Je nach Betreuungsform Krippe, Kita oder Hort – zwischen 43 und 358 Euro pro Monat zu hoch angesetzt
Vor der Sitzung hatte bereits der Kita-Elternbeirat der Stadt, der die Vorwürfe nach einer Akteneinsicht im Rathaus erhoben hatte, seine Position präzisiert. In einem aktuellen Schreiben an alle Elternvertreter in den Potsdamer Krippen, Kitas und Horten hieß es, die Elternbeiträge müssten – möglichst ohne Klageverfahren – rückwirkend zum 1. Januar 2016 gesetzeskonform festgelegt und erhoben werden. Nach „vorsichtigen Berechnungen“ seien die Höchstbeiträge für Eltern – je nach Betreuungsform Krippe, Kita oder Hort – zwischen 43 und 358 Euro pro Monat zu hoch angesetzt worden, heißt es in dem Schreiben weiter. Den jeweiligen Höchstsatz zahlen Eltern ab einem Jahreseinkommen von 150 000 Euro, die sich daraus ableitenden Gebührenhöhen sind sozial gestaffelt. Dadurch seien auch alle anderen Elternbeiträge nicht gesetzeskonform ermittelt worden, so der Kita-Beirat.
Zur Frage der Rückzahlung von Teilen der Beiträge sagte Schubert am Dienstag, dem wolle er nicht vorgreifen. Er habe auch juristischen Beistand angefragt, um solche Fragen zu klären – unter anderem auch die Kanzlei, die die Arbeiterwohlfahrt bei ihrer schon anhängigen Klage gegen die Potsdamer Kita-Satzung unterstützt. Diese Juristen seien mit der Thematik bereits vertraut, begründete Schubert die Entscheidung – ansonsten laufe man auch Gefahr, „sich im Kreis zu drehen“.

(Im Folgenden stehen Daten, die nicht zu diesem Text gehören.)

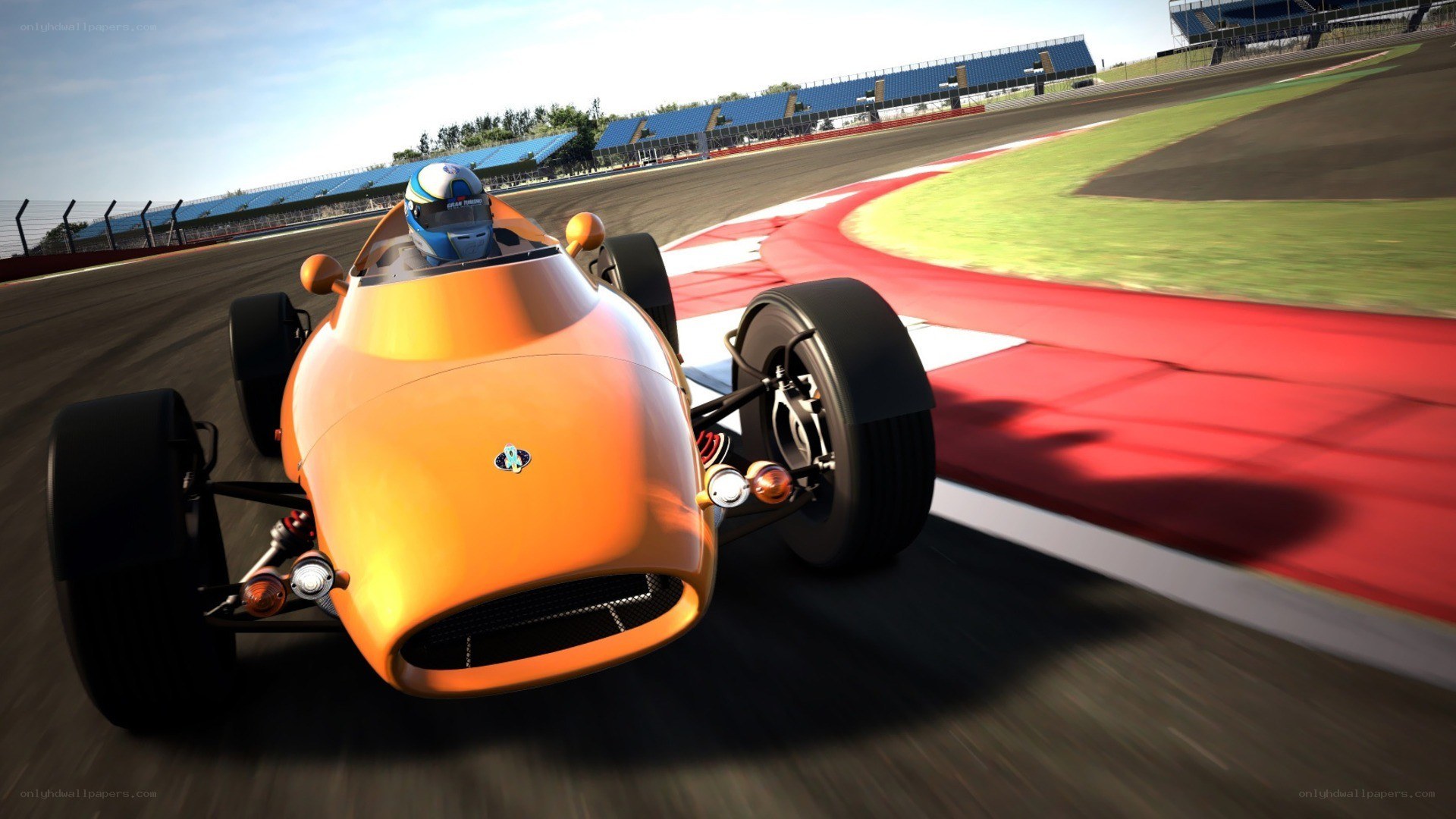 orange race car on track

Schubert kündigt an: „Wir werden Rechtssicherheit herstellen“
Ohnehin wird das Procedere komplex, sollte es Rückzahlungen geben – gerade für kleinere Kita-Träger ohne einen größeren bürokratischen Apparat, wie es bei der Zusammenkunft hieß. Denn nicht die Stadt hat die mutmaßlich überhöhten Beträge eingesammelt, sondern die Träger, die das Geld für ihre Arbeit benötigten – und die sich auf die Satzung der Stadt eingelassen hatten. Ergo müssten also die Träger auch zurückzahlen – und die Stadt ihnen dieses Geld überweisen. Schubert sicherte jedenfalls zu: „Wir werden Rechtssicherheit herstellen.“ Die Stadt dürfe nicht mehr Geld einnehmen, als ihr gesetzlich zustehe.

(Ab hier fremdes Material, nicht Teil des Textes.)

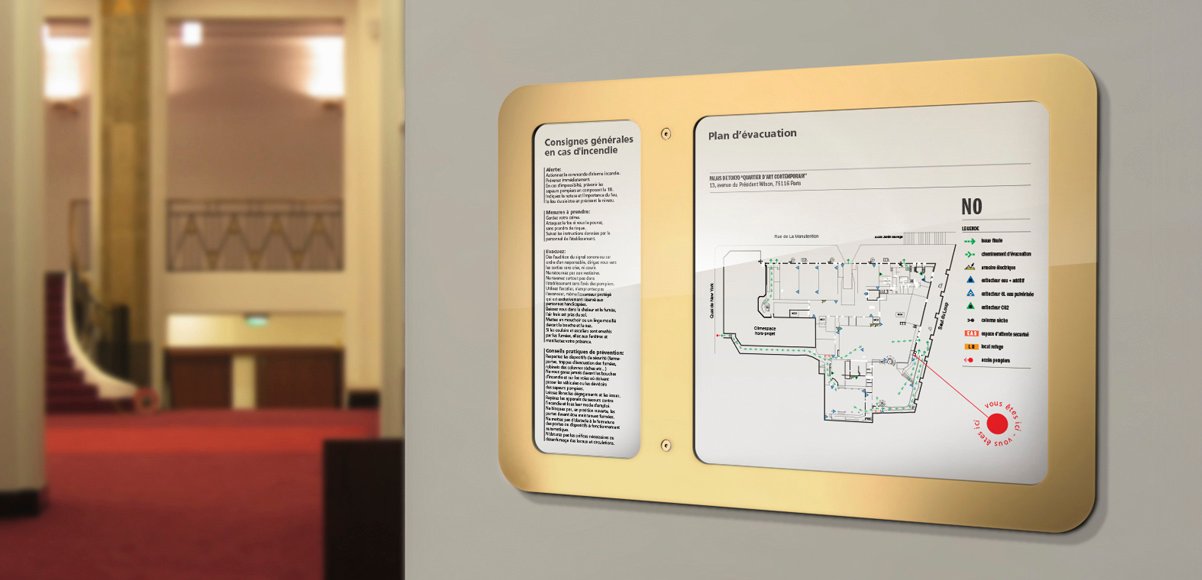 Plan d'évacuation encadré doré dans un hall corporate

Zugleich ging es um die Aufarbeitung. „Wer trägt denn nun die Verantwortung?“, fragte Wiebke Kahl vom Kita-Elternbeirat. Schubert sagte eine Aufarbeitung der Fehler zu. Dazu wollen die Stadtverordneten heute auf SPD-Antrag auch einen entsprechenden Beschluss fassen, „bei den Kita-Gebühren für Klarheit zu sorgen und den gegen die Landeshauptstadt Potsdam erhobenen Vorwürfen zu begegnen“.
Angesichts der schnell wachsenden Stadt immer mehr Aufgaben
Und noch eine Nachricht hatte Schubert. Für sein Jugendamt, das in den vergangenen Jahren angesichts der schnell wachsenden Stadt immer mehr Aufgaben – etwa beim Kinderschutz – schultern müsse, habe er nun eine Organisationsuntersuchung eingeleitet. Dabei würde erfasst, wo es personelle Engpässe gebe, wo Nachsteuerungsbedarf bestehe. Details, um welche Kosten es hier gehen könnte, nannte Schubert nicht. Allerdings machte auch das Detail deutlich: Zusammen mit den möglichen Rückzahlungen von Elternbeiträgen könnten dem ohnehin angespannten Potsdamer Haushalt von Kämmerer Burkhard Exner (SPD) weitere Mehrkosten in Millionenhöhe drohen.